Added Parise: "It was really hard, that was one of the hardest calls I've ever had to make," Parise said about his decision to leave New Jersey. "[Lamoriello] has been so great to my family and to me. He runs a first-class organization there. That was a very tough phone call for me to make. He was very good about it. He understood. He didn't pressure or anything, he understood where I was coming from."
Parise said one factor in his decision was the organizational outlook for the Wild, with many outstanding young players in the system. His agent even told him that the team's prospects might be the best in the NHL.
"That was a big draw to me," Parise said. "It's a long-term contract and you want to make sure that this team is going to be competitive for a while.
"It really came down to these two places, and as hard as it was to leave New Jersey and everything there, we definitely made the right decision."
And Parise, who started skating at age 2 or 3 at the Met Center, thinks it will be pretty cool that he will be wearing the same No.11 on his uniform that his father wore for the North Stars.
"Both [my dad] and my mom were really exited that we'll be coming back here," he said.
Vikings coach Leslie Frazier reported that there were some tense moments on his recent trip to Afghanistan to visit the troops as part of a USO Tour with other NFL coaches.
"We had to be moved out of some places because of some things that were going on around us," Frazier said. "But our troops and our guide, the people from USO along with the National Football League, did a good job of protecting us and keeping us out of harm's way. There were moments where we were on the edge of some situations. But everything worked out just fine."
Nick Bjugstad, the Gophers hockey standout selected 19th overall by the Florida Panthers in the 2010 NHL draft, spent time at their development camp last week in Coral Springs, Fla. He said that if he decided to pass up his final two seasons with the Gophers and turn pro, it would be a tough decision.
"There are pro and cons on both sides," said Bjugstad, who would figure to make more than $900,000 as a rookie under an entry-level contract if he made the Panthers roster. "I should probably write them down on a sheet of paper and add everything up."
Said Florida GM Dale Tallon: "It's up to him. If he wants to turn pro and fight for a roster spot, we'll go forward. If he wants to go back to school we will let him do that. We never tell kids to play junior or leave school."
• Wade Arnott and Neil Sheehy, the agents for Parise and Suter, respectively, made a killing with each getting some 3 percent of the $98 million that each player will earn over the 13 years of their contracts with the Wild.
• John Williams, only 64 years old and a former great Gophers offensive lineman, died unexpectedly Sunday. His wife, Barbara Butts Williams, is a member of the five-person Metropolitan Sports Facilities Authority overseeing the new Vikings stadium.

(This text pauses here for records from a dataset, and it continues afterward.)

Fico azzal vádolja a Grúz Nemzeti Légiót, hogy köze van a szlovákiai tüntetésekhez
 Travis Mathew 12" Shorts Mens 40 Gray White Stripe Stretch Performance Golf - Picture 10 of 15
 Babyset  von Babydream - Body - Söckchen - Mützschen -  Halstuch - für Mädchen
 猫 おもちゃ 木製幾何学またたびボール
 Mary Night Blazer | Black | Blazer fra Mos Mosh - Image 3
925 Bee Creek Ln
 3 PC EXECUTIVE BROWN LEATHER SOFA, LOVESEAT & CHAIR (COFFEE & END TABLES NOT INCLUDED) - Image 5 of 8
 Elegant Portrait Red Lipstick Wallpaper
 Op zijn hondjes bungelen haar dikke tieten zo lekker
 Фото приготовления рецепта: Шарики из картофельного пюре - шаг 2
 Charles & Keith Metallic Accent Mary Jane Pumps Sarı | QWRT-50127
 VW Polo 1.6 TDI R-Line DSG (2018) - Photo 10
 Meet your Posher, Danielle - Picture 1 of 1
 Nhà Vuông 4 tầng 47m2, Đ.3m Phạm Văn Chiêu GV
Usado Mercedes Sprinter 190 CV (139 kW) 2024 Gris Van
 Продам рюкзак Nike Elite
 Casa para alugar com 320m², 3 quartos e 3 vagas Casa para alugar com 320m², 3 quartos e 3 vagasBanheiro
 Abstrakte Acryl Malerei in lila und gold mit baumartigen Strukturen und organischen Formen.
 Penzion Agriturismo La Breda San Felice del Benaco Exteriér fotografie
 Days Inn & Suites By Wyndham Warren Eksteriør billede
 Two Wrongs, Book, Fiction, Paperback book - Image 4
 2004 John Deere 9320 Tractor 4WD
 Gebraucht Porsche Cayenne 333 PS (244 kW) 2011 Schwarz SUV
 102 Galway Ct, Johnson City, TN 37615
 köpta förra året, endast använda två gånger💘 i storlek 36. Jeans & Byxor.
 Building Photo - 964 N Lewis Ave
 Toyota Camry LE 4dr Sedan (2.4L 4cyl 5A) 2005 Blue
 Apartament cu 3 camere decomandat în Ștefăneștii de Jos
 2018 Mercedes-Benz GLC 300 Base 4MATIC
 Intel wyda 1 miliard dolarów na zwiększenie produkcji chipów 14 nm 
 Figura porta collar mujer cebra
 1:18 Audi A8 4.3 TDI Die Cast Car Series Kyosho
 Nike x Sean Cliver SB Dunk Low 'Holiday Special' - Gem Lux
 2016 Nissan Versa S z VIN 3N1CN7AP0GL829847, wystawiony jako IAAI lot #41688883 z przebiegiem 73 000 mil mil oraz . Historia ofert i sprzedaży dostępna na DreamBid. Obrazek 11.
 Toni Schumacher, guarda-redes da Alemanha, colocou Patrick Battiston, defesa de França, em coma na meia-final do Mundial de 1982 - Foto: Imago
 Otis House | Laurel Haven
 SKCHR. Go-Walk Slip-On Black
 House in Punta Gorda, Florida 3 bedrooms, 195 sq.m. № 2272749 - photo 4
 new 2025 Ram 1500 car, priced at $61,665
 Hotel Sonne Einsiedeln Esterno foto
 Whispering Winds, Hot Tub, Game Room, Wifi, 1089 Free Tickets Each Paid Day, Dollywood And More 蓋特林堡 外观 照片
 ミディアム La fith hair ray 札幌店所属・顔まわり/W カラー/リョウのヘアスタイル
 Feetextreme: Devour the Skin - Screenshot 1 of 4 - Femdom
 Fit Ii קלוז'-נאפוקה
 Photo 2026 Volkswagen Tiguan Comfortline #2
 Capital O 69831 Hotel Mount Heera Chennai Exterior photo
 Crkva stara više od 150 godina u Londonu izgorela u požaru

• The Arizona Republic ran a story this week about former NBA All-Star Norm Nixon's relationship with Michael Beasley, who signed with the Suns for three years at $18 million after the Timberwolves declined to make him a qualifying offer. Beasley started working with Nixon last year at the request of Wolves President David Kahn. Said Nixon of Beasley's signing with the Suns: "Phoenix got a steal, trust me. If the Suns are rebuilding, here's a guy who can play 10 years and be one of the best players in the league. I don't give that compliment out easily."
• Since being released by the Twins and signing with the San Diego Padres in June, former Twins starter Jason Marquis has posted a 3.71 ERA in 43 2/3 innings pitched with 44 strikeouts. In 34 innings with the Twins this year Marquis struck out 12 and posted a 8.47 ERA.